Overview & Disclaimer

Preface

Driving forces for recent development of data-intensive systems
- Big IT companies handling huge volumes of data
- Spread of agile methodologies
- Free and Open source S/W
- CPU clock speed is barely increasing, so speeding up services depends more on multi-core processing & faster networks.
- IaaS (ex. AWS) based on distributed machines
- High availability of services became the standard.
Application is called data-intensive if data is its primary challenge.
- Quantity, complexity, speed

Chapter 1. Reliable, Scalable, and Maintainable Applications

Data systems are successful abstractions. We never design systems from scratch.
- ex.
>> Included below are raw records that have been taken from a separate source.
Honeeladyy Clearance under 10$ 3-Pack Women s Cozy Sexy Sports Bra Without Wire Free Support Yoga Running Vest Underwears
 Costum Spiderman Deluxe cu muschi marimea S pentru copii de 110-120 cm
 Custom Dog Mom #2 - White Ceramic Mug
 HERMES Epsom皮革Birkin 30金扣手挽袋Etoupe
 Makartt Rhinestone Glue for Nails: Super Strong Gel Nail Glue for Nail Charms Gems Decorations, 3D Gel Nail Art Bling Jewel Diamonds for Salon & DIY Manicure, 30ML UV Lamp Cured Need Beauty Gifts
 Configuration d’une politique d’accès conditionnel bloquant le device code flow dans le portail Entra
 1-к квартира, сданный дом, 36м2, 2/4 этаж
Store data to find it again later == Databases
- You can create a new, special-purpose data system from smaller, general-purpose components.
Reliabilty
- The system should continue to work correctly even in the face of faults and errors.
- It only makes sense to tolerate and prevent feasible types of faults to avert failures.
- Hardware Faults
  - More machines used == More hardware faults.
  - Cloud platforms are designed to prioritize flexibility and elasticity (ex. AWS ELB) over single machine reliability.
  - Systems can tolerate loss of entire machines, using software in addition to hardware redundancy.
- Software Errors
  - Bugs that causes systematic error often lie dormant for a long time until they are triggered by uncommon circumstances, which violates various assumptions about the environment when software is made.
  - Hardware faults are usually independent. Software errors aren’t.
- Human Errors
  - Humans are known to be unreliable.
  - System should be designed to minimize opportunities for errors.
  - Errors will eventually arise, so thorough monitoring and quick recovery are important.
- We may choose to sacrifice reliability over others, but nevertheless should be very conscious of it.
Scalability
- As the system grows, there should be reasonable ways of dealing with it.
- Load
  - Load can be described with load parameters.
  - ex. 4.6k req/s on average (Average case), over 12k req/s at peak (Extreme case)
- Performance
  - ${ {Resource} \over {Load}} = Performance$
  - Metrics example: Average, Median (p50), p95, p99, p99.9
  - Response time = Latency + Processing time
  - Reducing response times at high percentiles (Tail latencies) is important, because it directly affects user experience. But it is difficult as percentiles increase, as the metric is easily affected by random events outside of your control.
- Good architectures usually mixes both scale-up and scale-out techniques. There is no such thing as a silver bullet architecture.
- Systems that cover 1 kB/req $\times$ 100,000 req/s $\neq$ Systems that cover 2 GB/req 3 req/min
- Architecture that scales well is built around business-dependent assumptions - which operations will be common or rare - the load parameters.
Maintainability
- People should be able to maintain and adapt the system productively.
- Majority of software development cost comes from ongoing maintenance.
- Good operability means making routine tasks easy, allowing the operations team to focus on important tasks.
- Simplicity: Managing complexity of systems by extracting parts into well-defined, reusable components.
- Evolvability: Agility on a system level. ex. How would you refactor Twitter’s architecture?